**What is required:** Return the material below exactly, but only from the line with "29 5th St, Parrish, AL 35580 photo 4" through the line with "20 - Kimbucht Vakantiepark", and without its pictures.

**Information provided:**
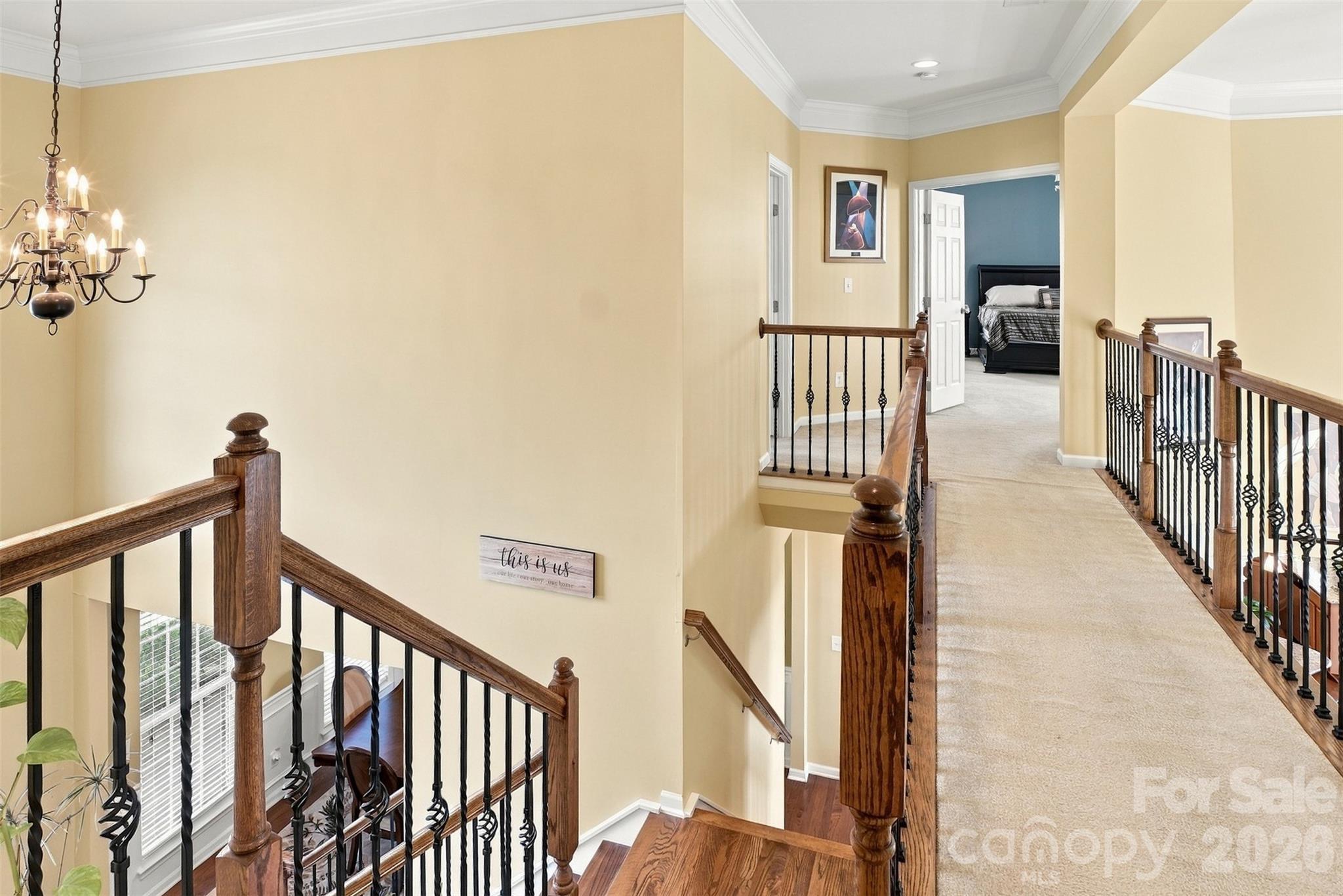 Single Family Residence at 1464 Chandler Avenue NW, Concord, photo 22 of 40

--

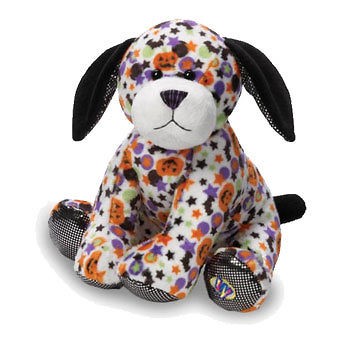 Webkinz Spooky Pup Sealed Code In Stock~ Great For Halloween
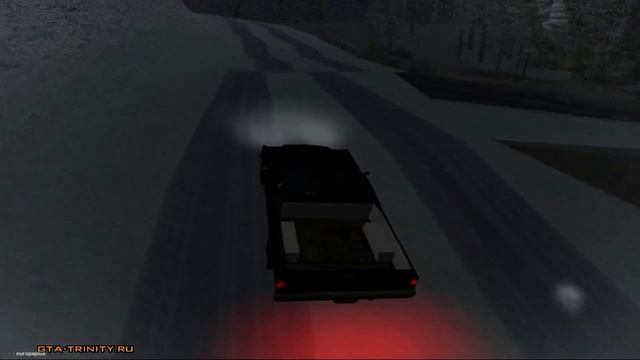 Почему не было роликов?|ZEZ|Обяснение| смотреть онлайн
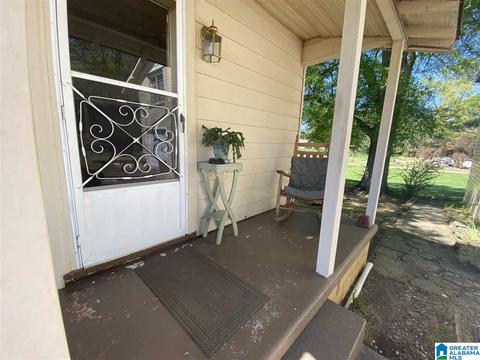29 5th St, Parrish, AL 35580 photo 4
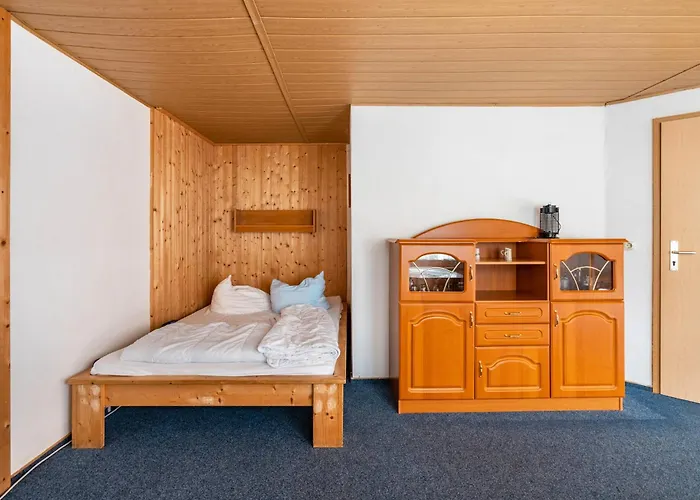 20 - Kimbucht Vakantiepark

---

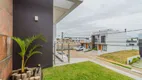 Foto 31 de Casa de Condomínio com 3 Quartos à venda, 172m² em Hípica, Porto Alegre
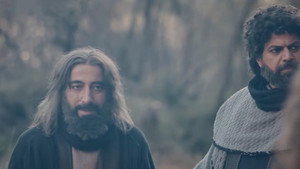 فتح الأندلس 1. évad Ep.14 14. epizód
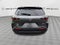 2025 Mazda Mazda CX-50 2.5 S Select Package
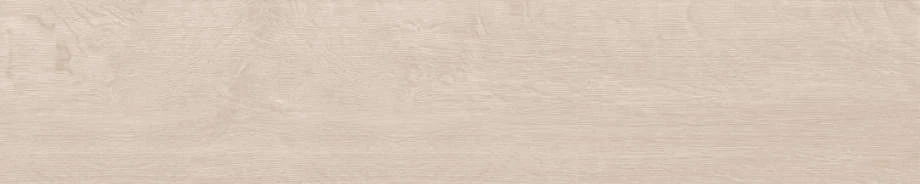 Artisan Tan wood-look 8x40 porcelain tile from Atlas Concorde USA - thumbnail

**Response below:**
29 5th St, Parrish, AL 35580 photo 4
 20 - Kimbucht Vakantiepark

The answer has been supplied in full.